Après avoir rappelé qu'il avait proposé un amendement à la loi de finances pour 2003 tendant à supprimer tout lien entre les taux des différents impôts directs locaux, auquel le Gouvernement s'était opposé, M. Manuel Aeschlimann, rapporteur des crédits de l'administration générale et des collectivités locales, a souhaité savoir si, compte tenu de la modération dont avaient fait preuve les collectivités locales dans le cadre d'un aménagement de la règle du lien entre les taux, le Gouvernement serait désormais favorable à une « déliaison » totale.

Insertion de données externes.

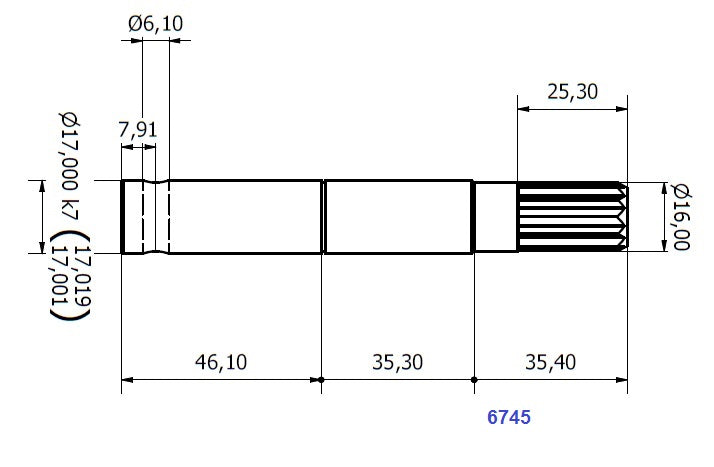 6745-ALBERO POMPA AN 01 L=116.8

Abordant ensuite les dispositions du projet de loi organique sur l'autonomie financière des collectivités territoriales qui se réfèrent à la notion de « ressources propres » et à leur « part déterminante », il a demandé au ministre de préciser la définition de ces notions. Il a souhaité également savoir ce qui justifiait le maintien du fctva et plaidé pour une solution alternative qui permettrait aux collectivités locales d'inscrire en recettes la tva acquittée sur les opérations d'investissement.

Observant que les dotations de l'État aux collectivités locales sont déterminées en fonction du potentiel fiscal de ces dernières, lui-même fondé sur les bases brutes des quatre impôts directs locaux, il s'est demandé s'il ne serait néanmoins pas préférable de se référer aux bases nettes afin de prendre en compte les différents abattements décidés par les élus locaux.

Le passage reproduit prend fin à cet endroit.